I didn’t start with the idea of making it pointer-free. I just didn’t want to allocate memory per node. So I tried to minimize heap usage — and this structure came out. It turned out to have some nice side-effects:

How I made it pointer-free

I used two key Zig features:

    pub const Idx = enum(usize) {
        sentinel = std.math.maxInt(usize),
        _,
    }
This gives me a type-safe way to represent indices — like `Idx` instead of plain `usize`.
I originally used it just for type safety, but Zig lets me add a sentinel (`Idx.sentinel`) with zero runtime overhead.
I think I saw a similar pattern in Zig’s own compiler code.

Memory reuse (and a problem I ran into)

At first, I didn’t worry too much about memory reuse. But once deletion worked, I realized freeing individual nodes would mean updating every index pointing to them. That’s messy, error-prone, and slow.

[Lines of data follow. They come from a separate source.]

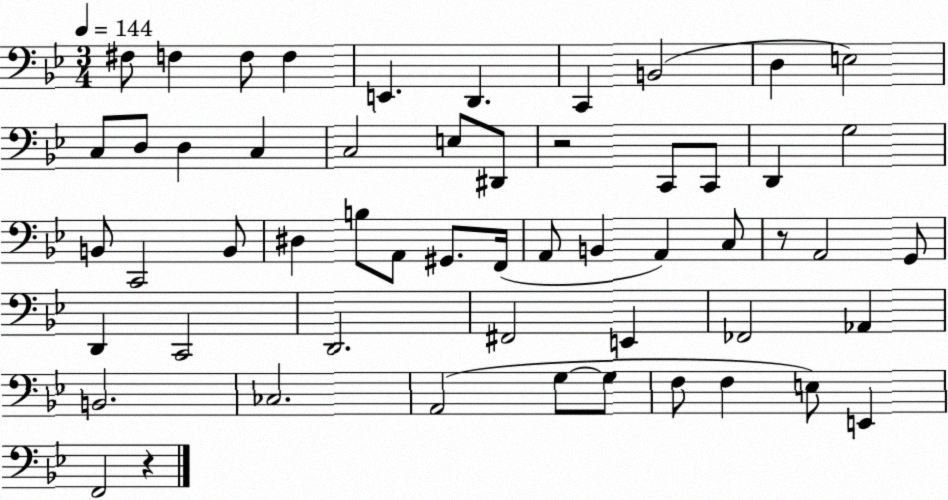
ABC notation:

X:1
T:Untitled
M:3/4
L:1/4
K:Bb
^F,/2 F, F,/2 F, E,, D,, C,, B,,2 D, E,2 C,/2 D,/2 D, C, C,2 E,/2 ^D,,/2 z2 C,,/2 C,,/2 D,, G,2 B,,/2 C,,2 B,,/2 ^D, B,/2 A,,/2 ^G,,/2 F,,/4 A,,/2 B,, A,, C,/2 z/2 A,,2 G,,/2 D,, C,,2 D,,2 ^F,,2 E,, _F,,2 _A,, B,,2 _C,2 A,,2 G,/2 G,/2 F,/2 F, E,/2 E,, F,,2 z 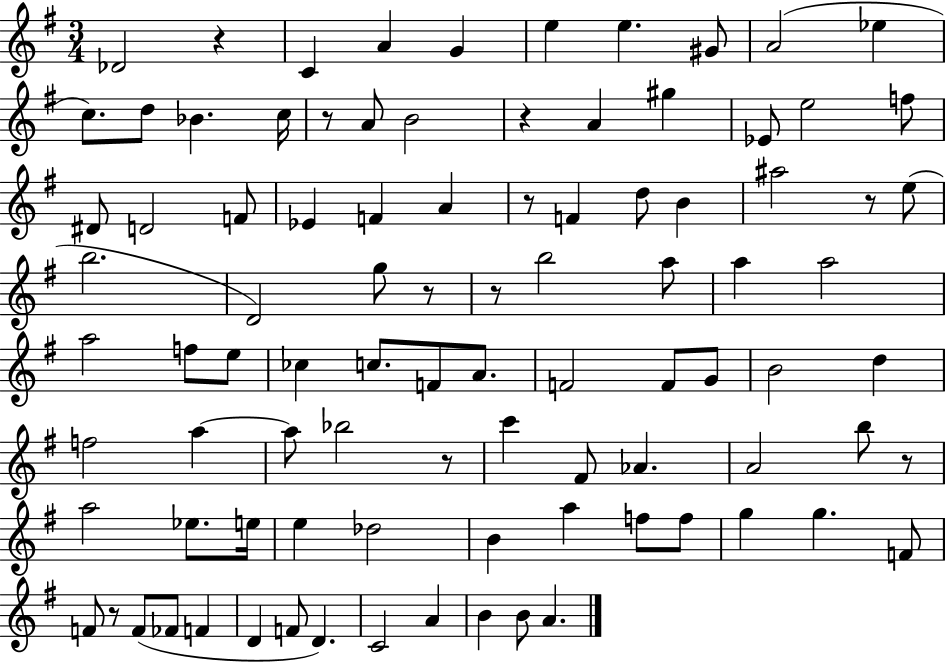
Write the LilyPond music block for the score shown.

{
  \clef treble
  \numericTimeSignature
  \time 3/4
  \key g \major
  des'2 r4 | c'4 a'4 g'4 | e''4 e''4. gis'8 | a'2( ees''4 | \break c''8.) d''8 bes'4. c''16 | r8 a'8 b'2 | r4 a'4 gis''4 | ees'8 e''2 f''8 | \break dis'8 d'2 f'8 | ees'4 f'4 a'4 | r8 f'4 d''8 b'4 | ais''2 r8 e''8( | \break b''2. | d'2) g''8 r8 | r8 b''2 a''8 | a''4 a''2 | \break a''2 f''8 e''8 | ces''4 c''8. f'8 a'8. | f'2 f'8 g'8 | b'2 d''4 | \break f''2 a''4~~ | a''8 bes''2 r8 | c'''4 fis'8 aes'4. | a'2 b''8 r8 | \break a''2 ees''8. e''16 | e''4 des''2 | b'4 a''4 f''8 f''8 | g''4 g''4. f'8 | \break f'8 r8 f'8( fes'8 f'4 | d'4 f'8 d'4.) | c'2 a'4 | b'4 b'8 a'4. | \break \bar "|."
} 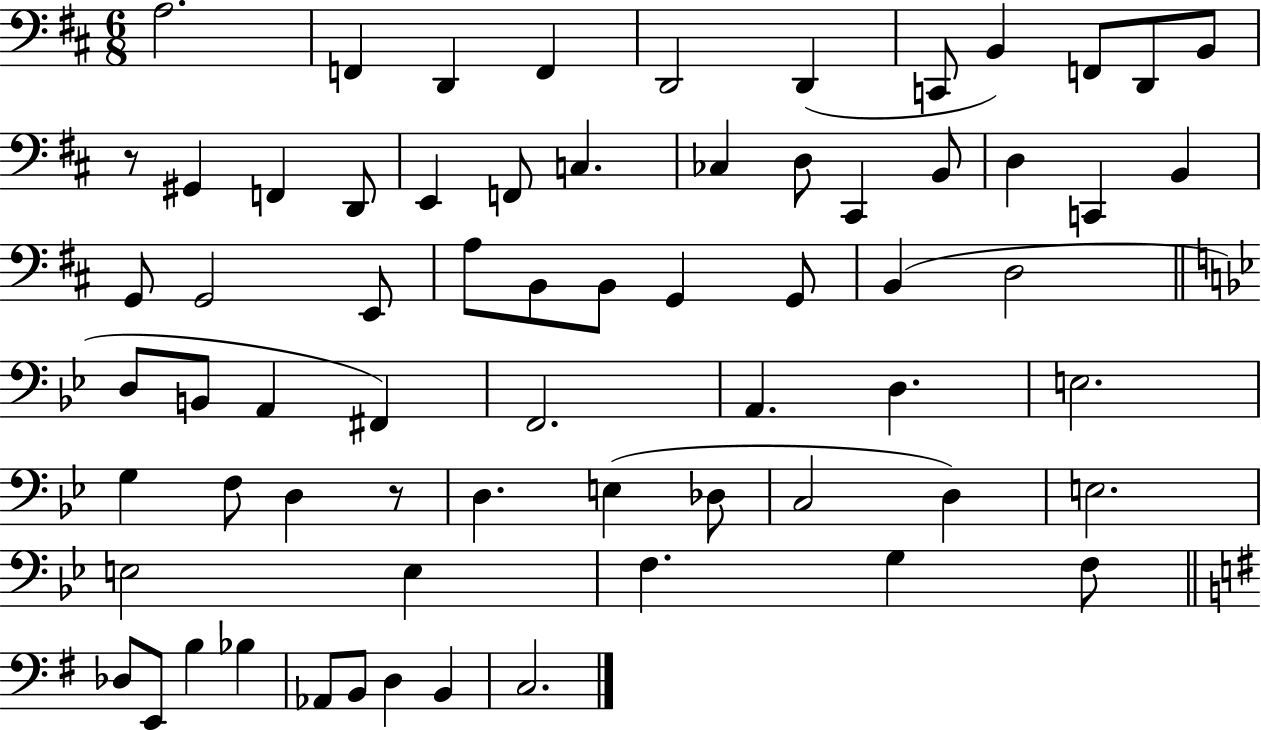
X:1
T:Untitled
M:6/8
L:1/4
K:D
A,2 F,, D,, F,, D,,2 D,, C,,/2 B,, F,,/2 D,,/2 B,,/2 z/2 ^G,, F,, D,,/2 E,, F,,/2 C, _C, D,/2 ^C,, B,,/2 D, C,, B,, G,,/2 G,,2 E,,/2 A,/2 B,,/2 B,,/2 G,, G,,/2 B,, D,2 D,/2 B,,/2 A,, ^F,, F,,2 A,, D, E,2 G, F,/2 D, z/2 D, E, _D,/2 C,2 D, E,2 E,2 E, F, G, F,/2 _D,/2 E,,/2 B, _B, _A,,/2 B,,/2 D, B,, C,2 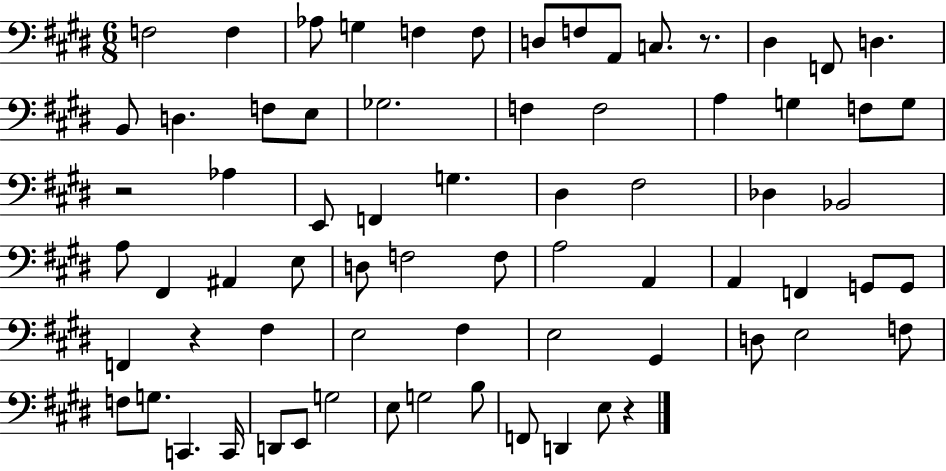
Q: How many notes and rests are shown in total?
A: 71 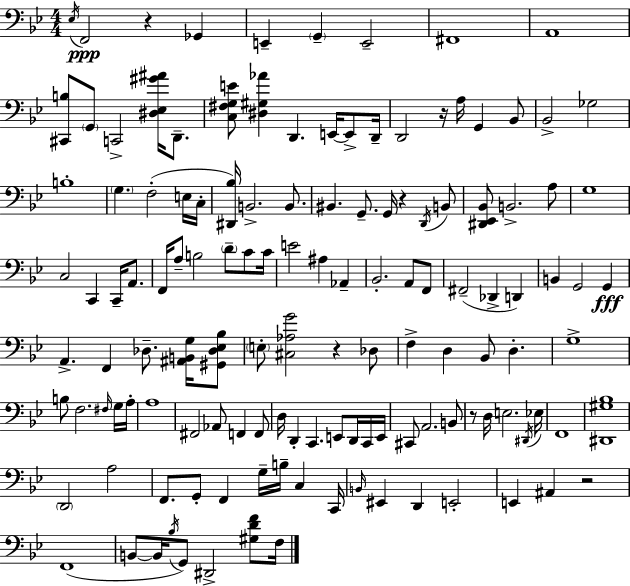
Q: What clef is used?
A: bass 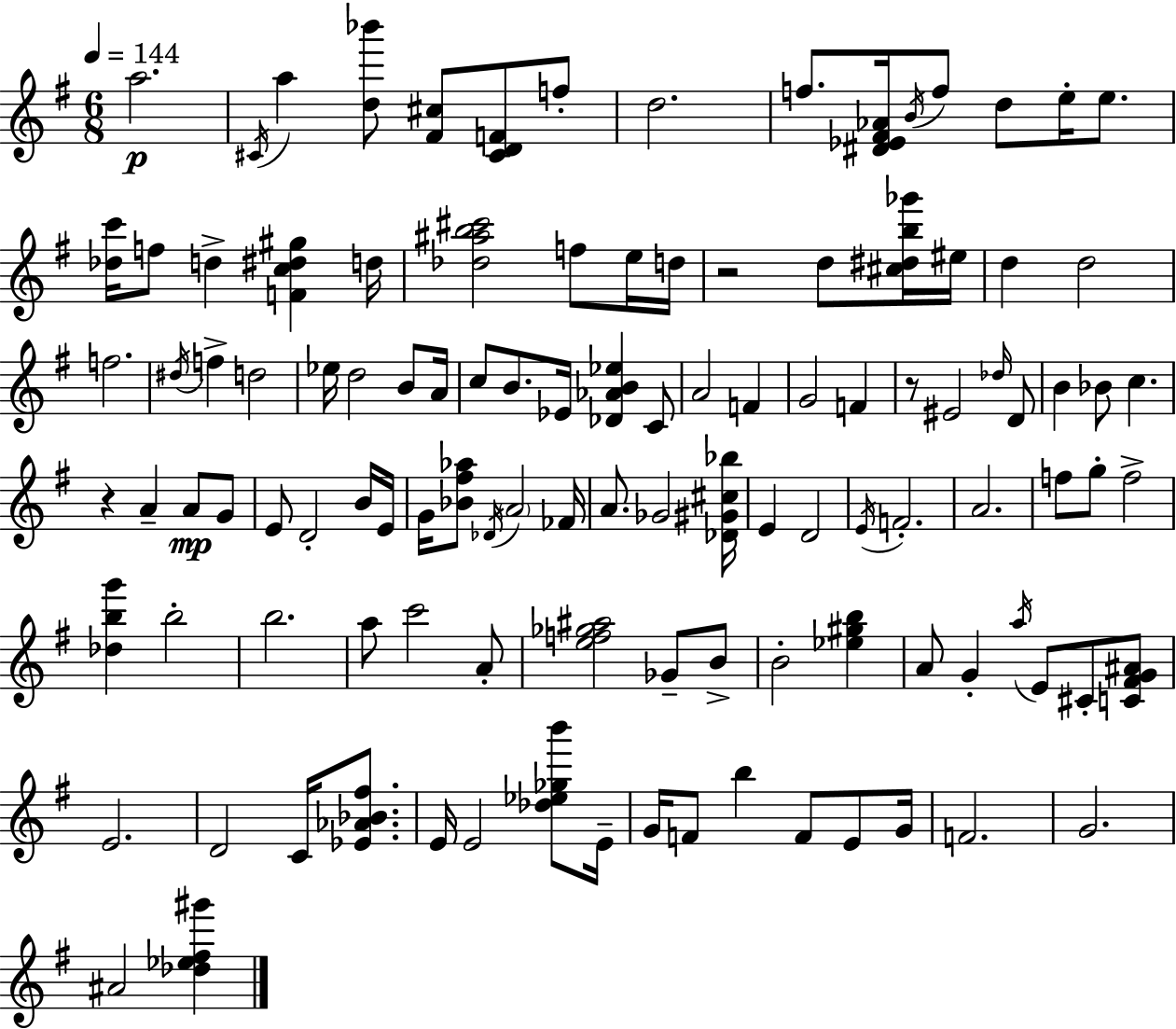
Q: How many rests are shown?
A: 3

So I went with a freelist strategy. Instead of actually freeing nodes, I keep them in a linked list of reusable indices. In pointer-based implementations, you’d usually reinterpret the memory of a freed node to store the next pointer. But since I’m not using pointers, I reused an existing field to store the next index.

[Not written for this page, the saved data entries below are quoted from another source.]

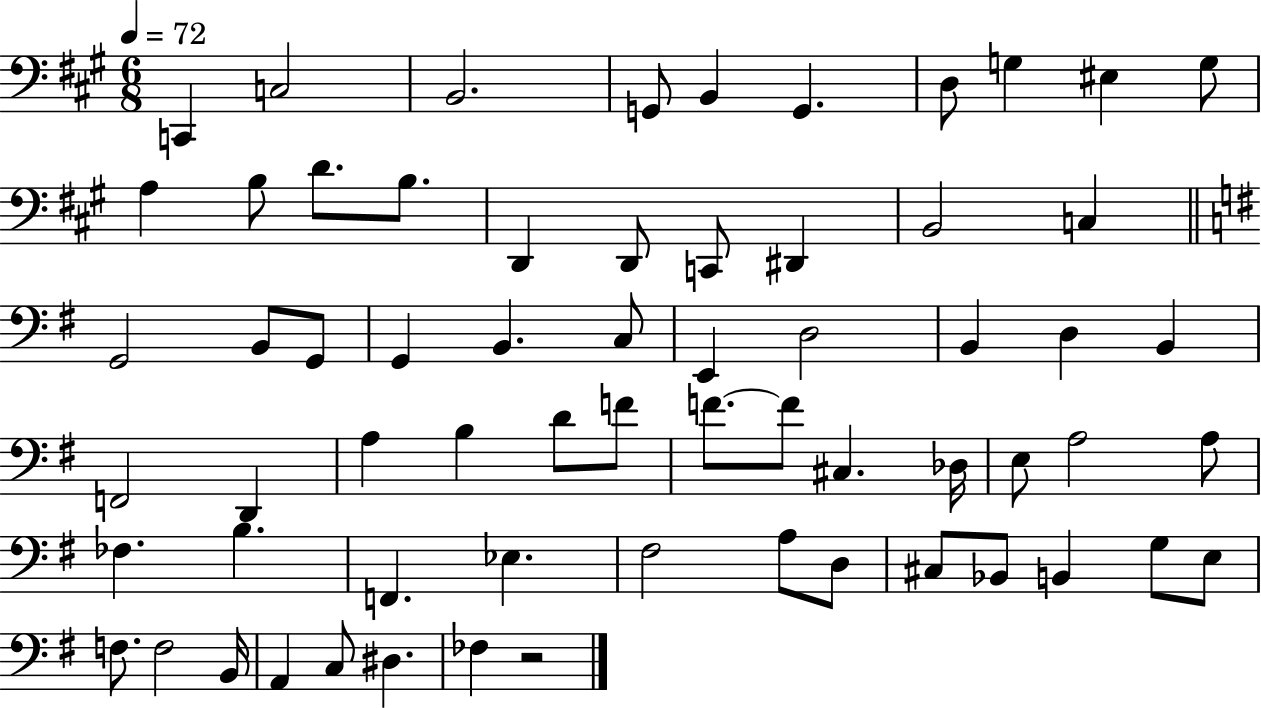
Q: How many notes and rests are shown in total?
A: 64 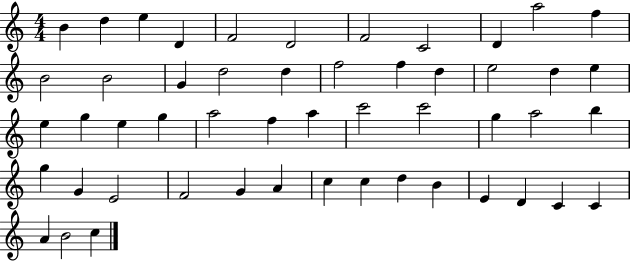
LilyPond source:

{
  \clef treble
  \numericTimeSignature
  \time 4/4
  \key c \major
  b'4 d''4 e''4 d'4 | f'2 d'2 | f'2 c'2 | d'4 a''2 f''4 | \break b'2 b'2 | g'4 d''2 d''4 | f''2 f''4 d''4 | e''2 d''4 e''4 | \break e''4 g''4 e''4 g''4 | a''2 f''4 a''4 | c'''2 c'''2 | g''4 a''2 b''4 | \break g''4 g'4 e'2 | f'2 g'4 a'4 | c''4 c''4 d''4 b'4 | e'4 d'4 c'4 c'4 | \break a'4 b'2 c''4 | \bar "|."
} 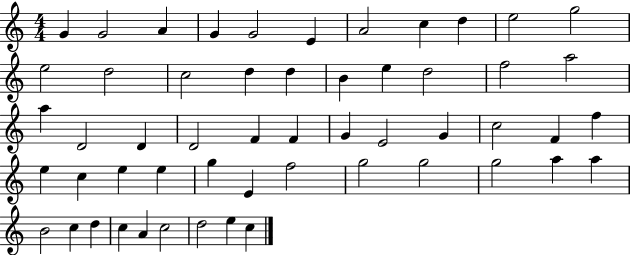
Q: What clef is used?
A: treble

    pub const Node = struct {
        // other fields
        parent: Idx = .sentinel,

        pub const Idx = enum(usize) {
            // reuse .parent to store the next index in the freelist
            pub fn getNext(self: Idx, tree: *const Tree) Idx {
                const slice = tree.nodes.slice();
                return slice.items(.parent)[@intFromEnum(self)];
            }

            pub fn setNext(self: Idx, next: Idx, tree: *const Tree) void {
                const slice = tree.nodes.slice();
                slice.items(.parent)[@intFromEnum(self)] = next;
            }

            pub fn isFreeSpace(self: Idx) bool {
                return self != .sentinel;
            }
        };
    };

    fn recycleNode(tree: *Self, node: Node.Idx) void {
        node.setNext(tree.free_list, tree);
        tree.free_list = node;
    }

Final thoughts

It was a great way to apply some techniques I’d always wanted to try.

Data structures are hard. Unless you’re using Zig.